Marylanders are fortunate to be surrounded by art on all sides—the natural beauty of the mountains, bay, and ocean; stunning monuments; spectacular private collections filling museums and galleries; and, increasingly, fascinating pieces of public art popping up everywhere from town squares to Metro stations.
“We know that communities across the state are invested in embracing the arts,” says Lucas Cowan, public art program director for the Maryland State Arts Council.
“And increasingly, public art is a coveted part of the community arts portfolio. Under the leadership of Governor O’Malley, the arts have impacted the quality of life here in Maryland, as well as the economy, and public art is part of that success story.”
Public art—creations designed to be displayed in communal spaces for the pleasure and enrichment of all—dots the Free State in unexpected and breathtaking ways. There are dozens of pieces scattered liberally from the western counties to the Eastern Shore, including “The Poetry and Art in Rural Maryland Project 2010-2012” by Bill Dunlap, which splashes color across the barns of the state for the wanderer down “the road less traveled.”
“Bill Dunlap is about a third of the way through a project to paint a large-scale mural on at least one barn in each of the state's 23 counties,” says Cowan.
“According to Dunlap, ‘We didn’t want the murals on the side of the highway.
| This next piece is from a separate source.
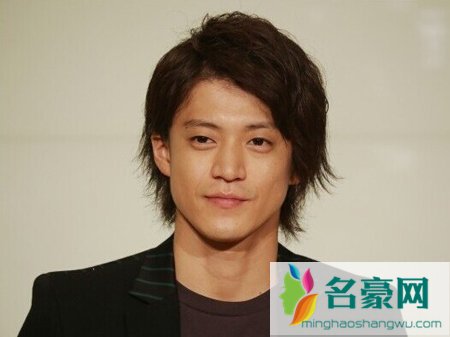 城田优与小栗旬吻戏 小栗旬被曝酒店开房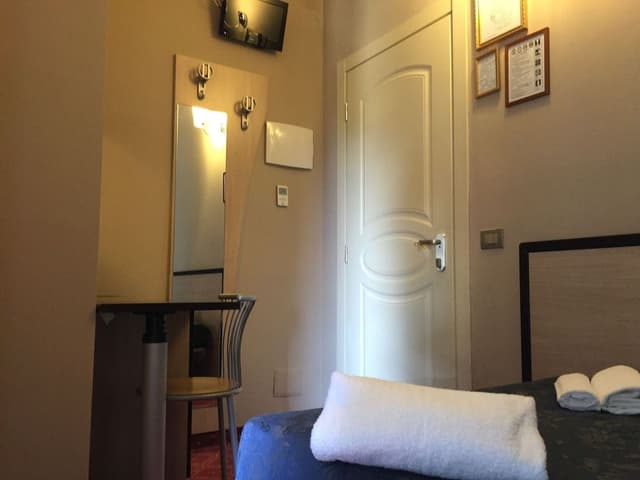 Double Room, 1 Large Twin Bed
Instead, we wanted to find locations that were really off the beaten path, where people had to search and find the place and maybe get lost on their way and, in doing so, discover parts of Maryland that you don’t usually see.’”
In Heidi Lippman’s “Connections 2006,” installed at the Rockville Memorial Library, a mundane, utilitarian floor is transformed into a magical expanse.
“Lippman,” says Cowan, “draws on her travels to Italy to bring what she calls the ‘depth of color, atmosphere, and concept’ to this bold design.”
And in Baltimore’s “Pierce’s Park, 2012,” artist David Hess challenges the eye and delights the ear with his metal designs. Cowan describes the creation as “a musical fence built with aluminum sound tubes shaped like three large bowties echoing the shape of the large sculpture. Each instrument incorporates both pentatonic and diatonic scales and can be played by the public.”
Cowan spends his professional time working with public art, the artists who create it, and the organizations that fund it.
“There is a vast array of functions for public art within our communities and within our daily lives as individuals,” he says.
“While everyone relates differently to a specific work, we see throughout the country and the world that strong public art creates a real sense of place that people recognize and want to experience. The St. Louis Arch, the Statue of Liberty, Mount Rushmore—these are grand, large-scale works that are synonymous with their places.”
Here in Maryland, he continues, “We see a mix of funding sources for public art, which speaks to the fact that so many different groups are embracing public art as a powerful way of engaging communities with their own unique values and messages, while also enhancing the landscape.
“At its best,” Cowan adds, “public art is mindful of its context, well integrated to the purpose of its place, and touches on the priorities we share as Marylanders: education, quality of life, and the attractiveness and cultural vitality of our state.”